- Exercise: Since pictures are not part of the copy, please output only the lines from the one with "From there, this" through the end of the data below, exactly as written.

*** Opening Information provided ***

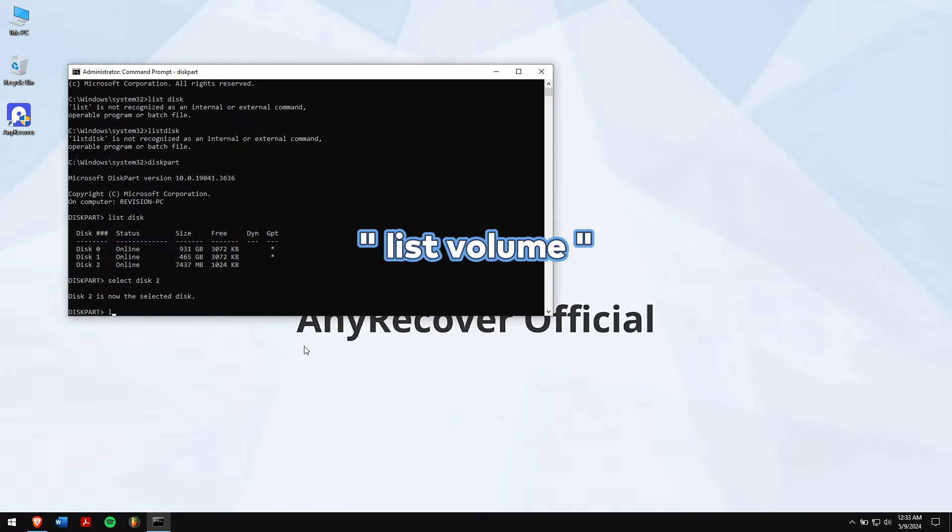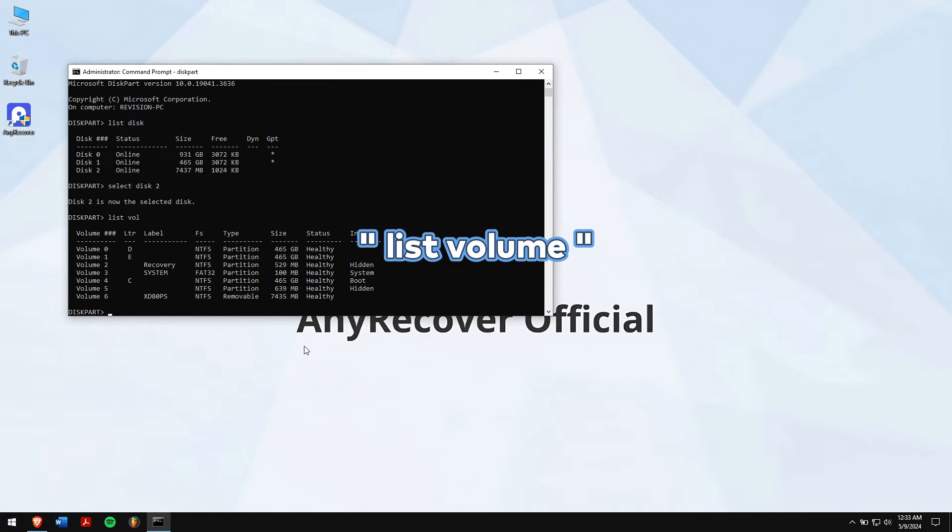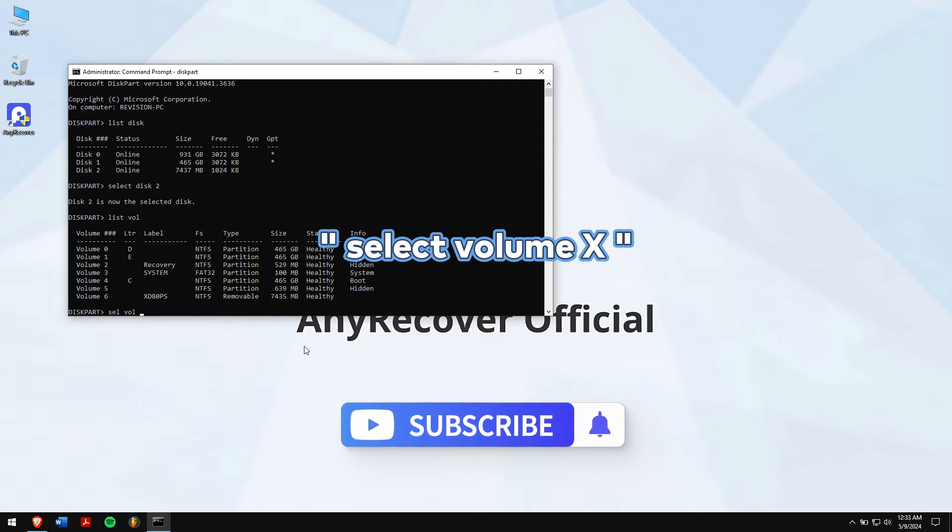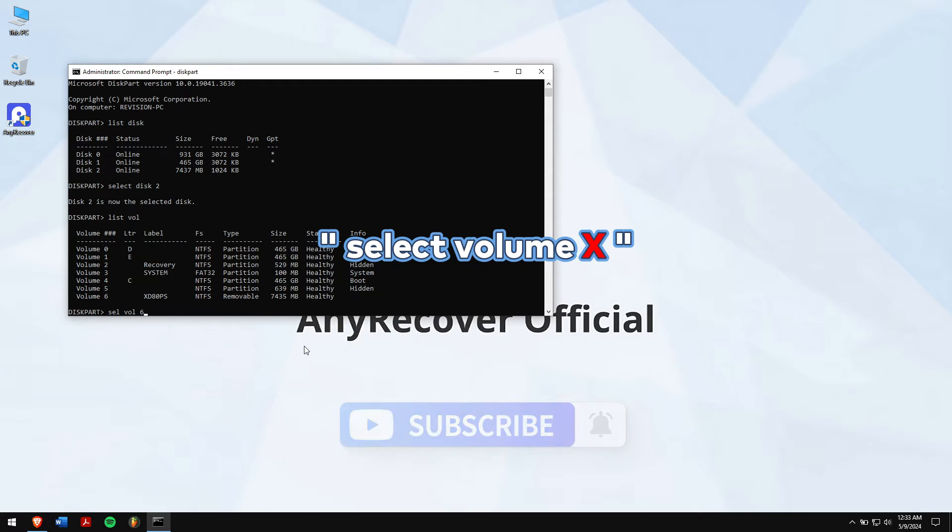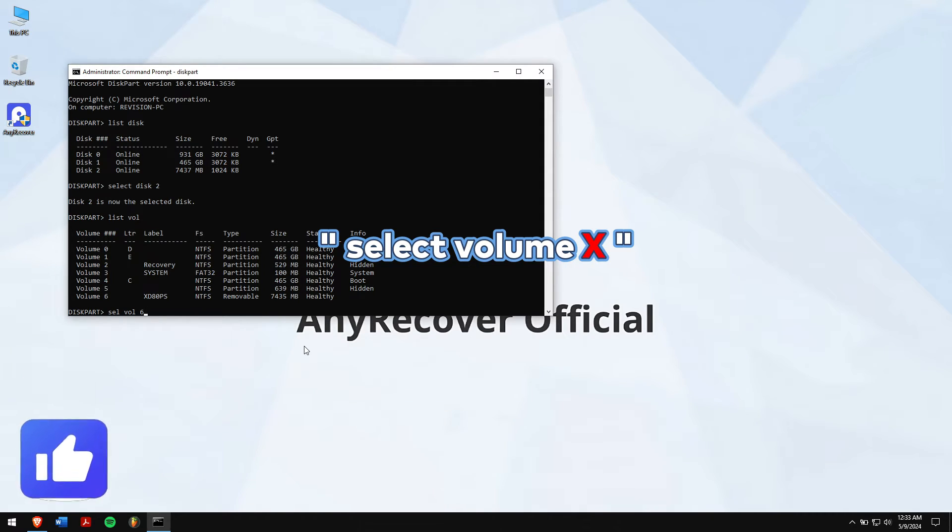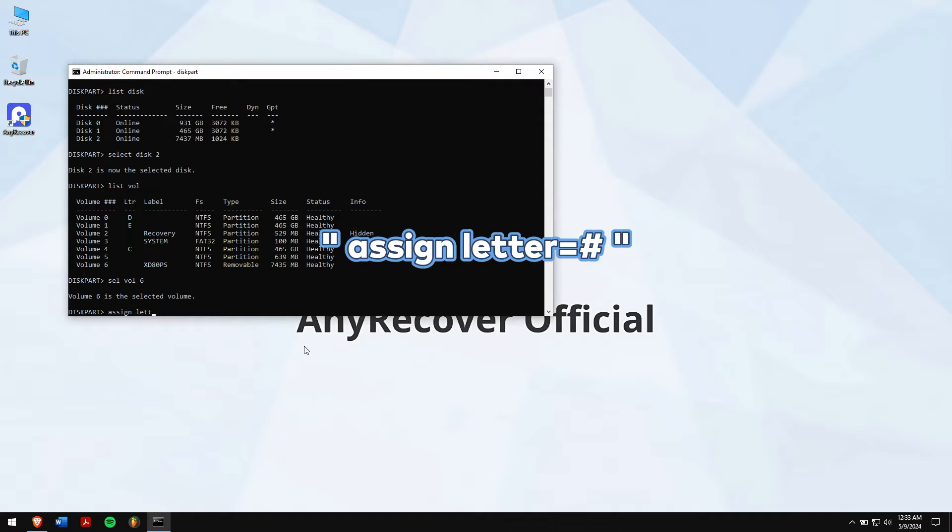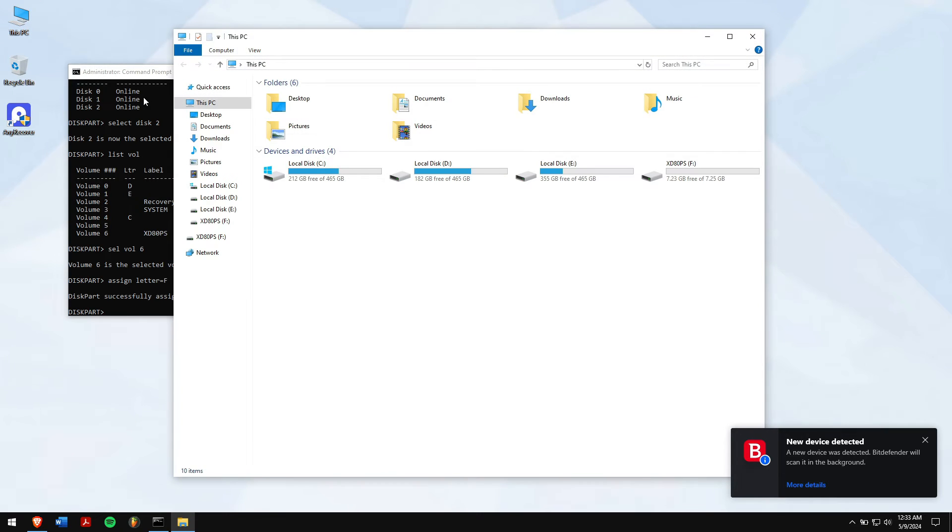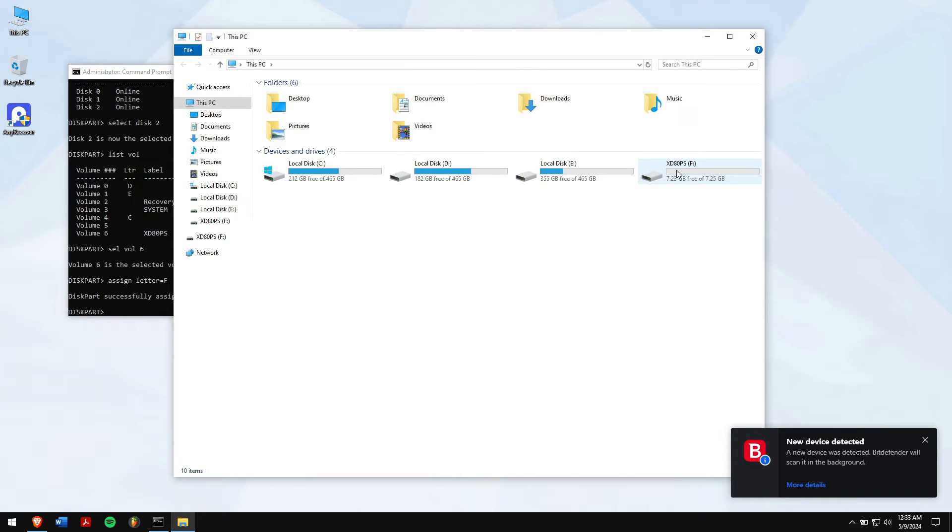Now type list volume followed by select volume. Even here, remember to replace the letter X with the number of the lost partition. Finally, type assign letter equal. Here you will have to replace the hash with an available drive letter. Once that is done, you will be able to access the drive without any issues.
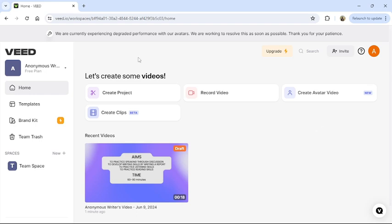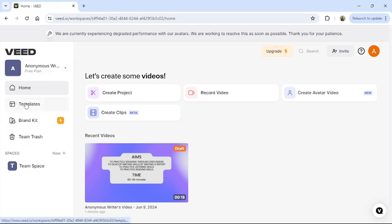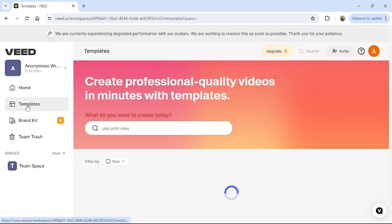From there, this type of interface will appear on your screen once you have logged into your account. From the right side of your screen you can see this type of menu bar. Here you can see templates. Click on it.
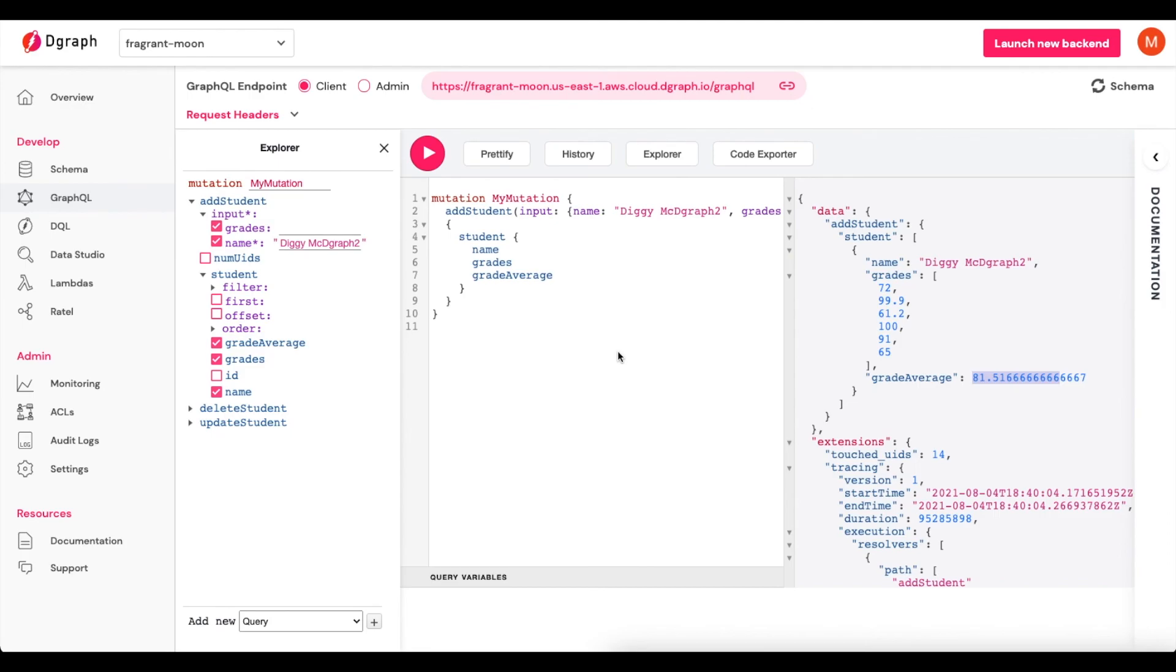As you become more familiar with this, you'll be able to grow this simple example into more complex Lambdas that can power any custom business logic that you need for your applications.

*** Closing Information provided ***

- Solution for this problem:
From there, this type of interface will appear on your screen once you have logged into your account. From the right side of your screen you can see this type of menu bar. Here you can see templates. Click on it.
As you become more familiar with this, you'll be able to grow this simple example into more complex Lambdas that can power any custom business logic that you need for your applications.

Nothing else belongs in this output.